━━━━━ DATA SUPPLIED
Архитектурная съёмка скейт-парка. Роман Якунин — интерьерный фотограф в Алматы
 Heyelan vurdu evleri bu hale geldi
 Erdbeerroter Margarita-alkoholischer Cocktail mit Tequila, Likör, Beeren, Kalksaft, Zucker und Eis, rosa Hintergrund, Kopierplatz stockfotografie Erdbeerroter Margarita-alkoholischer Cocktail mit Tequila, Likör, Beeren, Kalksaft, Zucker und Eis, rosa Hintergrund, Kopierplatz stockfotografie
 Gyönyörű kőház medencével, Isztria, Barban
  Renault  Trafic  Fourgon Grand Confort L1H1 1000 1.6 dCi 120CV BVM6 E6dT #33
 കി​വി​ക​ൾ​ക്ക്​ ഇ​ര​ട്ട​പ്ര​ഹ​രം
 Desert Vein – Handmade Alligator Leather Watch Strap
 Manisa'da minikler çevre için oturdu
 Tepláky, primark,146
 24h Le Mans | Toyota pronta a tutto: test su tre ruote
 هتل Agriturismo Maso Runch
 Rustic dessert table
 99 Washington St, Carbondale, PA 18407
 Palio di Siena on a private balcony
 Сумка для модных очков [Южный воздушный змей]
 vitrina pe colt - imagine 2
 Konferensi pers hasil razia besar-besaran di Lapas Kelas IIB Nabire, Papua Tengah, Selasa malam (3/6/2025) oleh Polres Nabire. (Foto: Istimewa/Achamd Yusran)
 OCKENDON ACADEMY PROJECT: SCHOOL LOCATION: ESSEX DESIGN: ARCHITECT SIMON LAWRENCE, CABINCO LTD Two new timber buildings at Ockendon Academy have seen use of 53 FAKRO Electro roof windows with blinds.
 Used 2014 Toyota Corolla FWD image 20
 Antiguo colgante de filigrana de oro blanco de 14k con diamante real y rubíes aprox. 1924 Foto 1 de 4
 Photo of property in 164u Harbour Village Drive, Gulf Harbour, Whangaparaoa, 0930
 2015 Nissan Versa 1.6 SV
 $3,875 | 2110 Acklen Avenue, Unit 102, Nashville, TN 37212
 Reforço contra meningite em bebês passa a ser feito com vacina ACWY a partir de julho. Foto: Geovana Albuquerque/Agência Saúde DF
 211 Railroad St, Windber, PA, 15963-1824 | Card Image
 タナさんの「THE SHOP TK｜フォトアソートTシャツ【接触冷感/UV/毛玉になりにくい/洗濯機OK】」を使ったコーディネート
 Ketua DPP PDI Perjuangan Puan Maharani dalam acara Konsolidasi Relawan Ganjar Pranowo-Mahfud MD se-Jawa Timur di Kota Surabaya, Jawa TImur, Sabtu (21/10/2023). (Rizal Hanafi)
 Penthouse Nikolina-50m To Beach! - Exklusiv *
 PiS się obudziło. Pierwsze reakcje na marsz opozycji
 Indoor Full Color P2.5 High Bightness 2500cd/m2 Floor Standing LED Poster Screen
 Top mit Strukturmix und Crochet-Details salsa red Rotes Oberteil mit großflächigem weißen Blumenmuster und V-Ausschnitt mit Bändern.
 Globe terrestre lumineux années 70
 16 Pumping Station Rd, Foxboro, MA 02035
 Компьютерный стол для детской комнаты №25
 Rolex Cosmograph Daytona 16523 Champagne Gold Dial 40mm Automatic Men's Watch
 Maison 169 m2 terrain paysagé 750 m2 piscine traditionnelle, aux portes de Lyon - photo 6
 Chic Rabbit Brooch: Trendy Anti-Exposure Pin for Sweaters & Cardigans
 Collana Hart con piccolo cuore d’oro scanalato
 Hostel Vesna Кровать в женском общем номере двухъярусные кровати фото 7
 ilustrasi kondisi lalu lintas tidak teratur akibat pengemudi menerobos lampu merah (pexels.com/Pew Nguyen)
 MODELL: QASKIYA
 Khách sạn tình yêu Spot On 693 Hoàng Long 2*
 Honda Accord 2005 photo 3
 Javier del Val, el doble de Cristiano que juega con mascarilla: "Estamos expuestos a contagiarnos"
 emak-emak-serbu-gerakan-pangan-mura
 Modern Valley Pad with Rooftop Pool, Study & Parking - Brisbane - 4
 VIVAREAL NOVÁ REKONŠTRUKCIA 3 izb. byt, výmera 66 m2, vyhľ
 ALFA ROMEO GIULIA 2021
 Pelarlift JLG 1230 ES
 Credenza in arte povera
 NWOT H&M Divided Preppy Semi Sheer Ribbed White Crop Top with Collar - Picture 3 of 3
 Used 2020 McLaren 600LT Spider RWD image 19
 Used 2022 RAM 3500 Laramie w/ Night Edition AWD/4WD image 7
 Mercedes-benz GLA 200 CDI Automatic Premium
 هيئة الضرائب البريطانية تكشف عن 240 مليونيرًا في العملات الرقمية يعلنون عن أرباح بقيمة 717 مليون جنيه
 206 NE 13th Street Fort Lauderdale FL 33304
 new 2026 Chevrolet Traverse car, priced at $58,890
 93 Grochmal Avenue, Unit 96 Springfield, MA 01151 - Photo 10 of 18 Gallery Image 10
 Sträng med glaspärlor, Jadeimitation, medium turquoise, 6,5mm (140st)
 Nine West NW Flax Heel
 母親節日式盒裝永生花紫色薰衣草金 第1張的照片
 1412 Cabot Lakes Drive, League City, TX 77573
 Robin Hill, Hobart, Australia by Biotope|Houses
━━━━━━━━━━
> _TASK TO COMPLETE_
Please copy, exactly as written, every line in the listing above from the line with "Honda Accord 2005 photo 3" up to and including the line with "Credenza in arte povera".

> _RESPONSE_
 Honda Accord 2005 photo 3
 Javier del Val, el doble de Cristiano que juega con mascarilla: "Estamos expuestos a contagiarnos"
 emak-emak-serbu-gerakan-pangan-mura
 Modern Valley Pad with Rooftop Pool, Study & Parking - Brisbane - 4
 VIVAREAL NOVÁ REKONŠTRUKCIA 3 izb. byt, výmera 66 m2, vyhľ
 ALFA ROMEO GIULIA 2021
 Pelarlift JLG 1230 ES
 Credenza in arte povera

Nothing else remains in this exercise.